M2 Group Ltd
- Type: Public
- Traded as: ASX: MTU
- ISIN: AU000000MTU6
- Industry: Telecommunications
- Founded: 1999 by Vaughan Bowen
- Defunct: February 5, 2016
- Fate: Merged with Vocus Communications
- Headquarters: Melbourne, Australia
- Area served: Australia, New Zealand
- Key people: Geoff Horth (Chief Executive Officer) Scott Carter (Chief Operating Officer) Darryl Inns (Chief Financial Officer)
- Products: Wholesale & Retail Telecommunications, Power and Gas, Insurance
- Revenue: A$1.12 billion (FY15)
- Number of employees: 3300 FTE (2015)
- Website: www.m2.com.au

= M2 Group =

Former Australian retailer

M2 Group Ltd was an Australian retailer and wholesaler of telecommunications services as well as power, gas and insurance products.

On 5 February 2016, M2 Group Ltd merged with Vocus Communications.

== History ==
Established in 1999, M2 Group Ltd (“M2”, ASX: MTU) was a provider of a range of communication, utility and insurance services to Australian households and small businesses. Headquartered in Melbourne, M2 had more than 3000 employees in Australia, New Zealand and the Philippines. At M2's 2013 Annual General Meeting, shareholders voted to change the company's name from M2 Telecommunications Group Ltd to M2 Group Ltd.

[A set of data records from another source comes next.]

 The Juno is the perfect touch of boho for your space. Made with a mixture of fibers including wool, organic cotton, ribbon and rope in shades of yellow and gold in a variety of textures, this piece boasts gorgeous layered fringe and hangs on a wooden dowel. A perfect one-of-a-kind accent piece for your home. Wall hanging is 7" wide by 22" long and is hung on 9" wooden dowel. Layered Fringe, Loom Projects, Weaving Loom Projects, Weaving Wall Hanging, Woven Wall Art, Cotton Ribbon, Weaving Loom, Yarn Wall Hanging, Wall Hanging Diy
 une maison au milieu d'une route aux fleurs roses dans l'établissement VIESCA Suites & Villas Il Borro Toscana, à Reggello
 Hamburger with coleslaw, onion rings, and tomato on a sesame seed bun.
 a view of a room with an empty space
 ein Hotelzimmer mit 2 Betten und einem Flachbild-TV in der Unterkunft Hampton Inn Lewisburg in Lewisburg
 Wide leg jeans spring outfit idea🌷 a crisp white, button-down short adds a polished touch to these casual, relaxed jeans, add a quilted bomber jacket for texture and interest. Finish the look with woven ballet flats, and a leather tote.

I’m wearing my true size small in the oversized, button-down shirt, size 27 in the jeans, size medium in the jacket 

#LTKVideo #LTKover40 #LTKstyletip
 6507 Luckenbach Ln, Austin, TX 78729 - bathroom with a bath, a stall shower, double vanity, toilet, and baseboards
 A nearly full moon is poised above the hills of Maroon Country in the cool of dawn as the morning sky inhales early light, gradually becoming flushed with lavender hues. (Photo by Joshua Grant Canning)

M2's business segment included the Commander and Engin brands, offering a suite of traditional and managed voice and data services and equipment.

==Consumer division ==
The consumer segment, under the brands of Dodo and iPrimus, offered Australian consumers telecommunications services, energy and insurance

==Wholesale division ==
Through the M2 Wholesale division, the firm provides wholesale fixed line, mobile and data telecommunications services to small and medium-sized telecommunications service providers and Internet Service Providers.

M2 was named by BRW Magazine as one of Australia's 100 fastest-growing companies five times between 2003 - 2008, and in the Deloitte Technology Fast 50 eight times between 2004 and 2013.

==Acquisitions==
The company had made several acquisitions, and maintained a diverse portfolio of brands across a range of market segments.

- In 2005, it acquired Protel Communications, a small provider of broadband and telephony services.
- In 2007, it acquired Wholesale Communications Group, Tenex, Southern Cross Telecommunications and Orion Telecommunications.
- In 2008, it acquired Unitel Pty Ltd and agreed to purchase People Telecom.
- In 2009, M2 acquired selected strategic assets of Commander Communications.
- In 2012, M2 acquired Primus Telecommunications for $192 million.
- In 2013, the company announced its planned acquisition of Dodo for $204 million, and Eftel (which included the aaNet, Engin and ClubTelco brands) for $44 million.
- In 2015, M2 acquired CallPlus and 2Talk for NZD$250 Million.

==Merger==
On 28 September 2015, it was reported that M2 Group and Vocus Communications would merge to create the 3rd largest and 4th largest telecom company in New Zealand and Australia respectively. The resulting company was estimated to be worth US$1.4 billion. After the completion of the merger, M2 CEO Geoff Horth will remain the Chief Executive of the successor group and M2 shareholders will gain a 56% ownership of the new entity. As of 5 February 2016, M2 Group Ltd and Vocus Communications Limited obtained the final court approval to proceed with the merger of the two companies and now trades on the ASX under Vocus.